Work to complete >> Leave the images out, and otherwise write out each entry exactly.
Segment Start: Available data
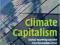 CLIMATE CAPITALISM Peter Newell, Matthew Paterson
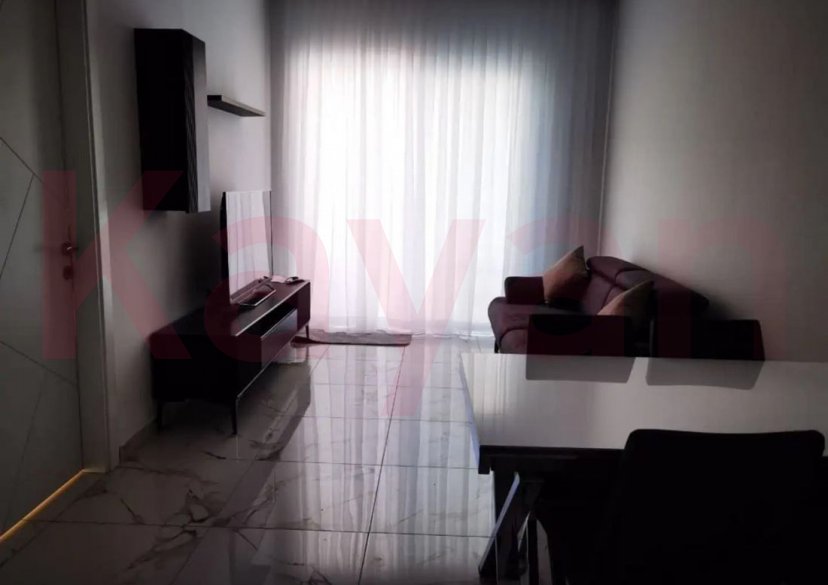 Продажа 2-комн. квартиры, 50 кв.м фото 18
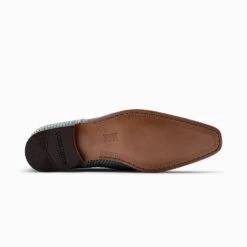 Paulo Bellini Carbonia Trouwschoenen Heren Groen -Ginger Ray || Floris van Bommel || Revitalash Verkoop paulo bellini carbonia mens wedding shoes green 5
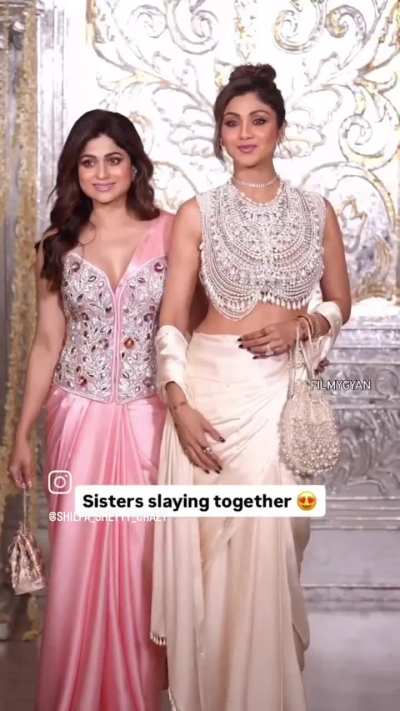 Shilpa Shetty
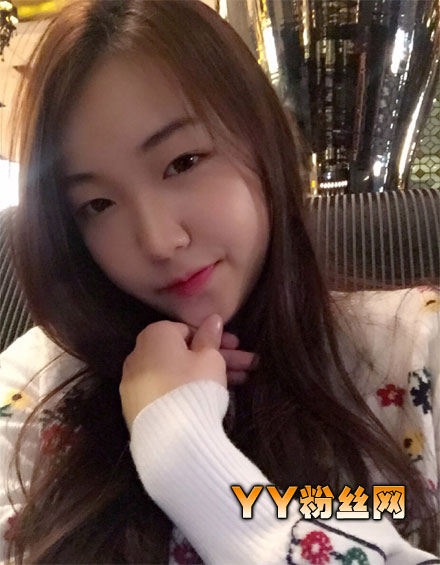 ����������ǰ����Ƭ�Ա� ��ǿŮ����������������΢����Χ����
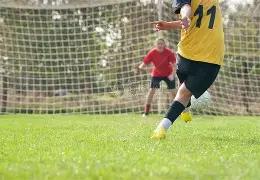 欧洲区预选,赛射手榜揭,罗独揽,万博体育,万博ManBetX,万博体育官网,万博体育平台,万博体育APP,万博体育注册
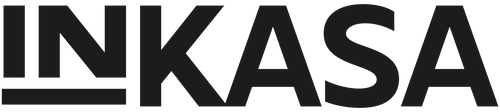 INKASA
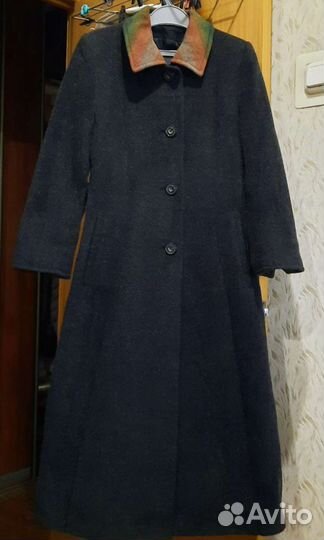 Женская одежда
Segment End: Available data
Task output >>
 CLIMATE CAPITALISM Peter Newell, Matthew Paterson
 Продажа 2-комн. квартиры, 50 кв.м фото 18
 Paulo Bellini Carbonia Trouwschoenen Heren Groen -Ginger Ray || Floris van Bommel || Revitalash Verkoop paulo bellini carbonia mens wedding shoes green 5
 Shilpa Shetty
 ����������ǰ����Ƭ�Ա� ��ǿŮ����������������΢����Χ����
 欧洲区预选,赛射手榜揭,罗独揽,万博体育,万博ManBetX,万博体育官网,万博体育平台,万博体育APP,万博体育注册
 INKASA
 Женская одежда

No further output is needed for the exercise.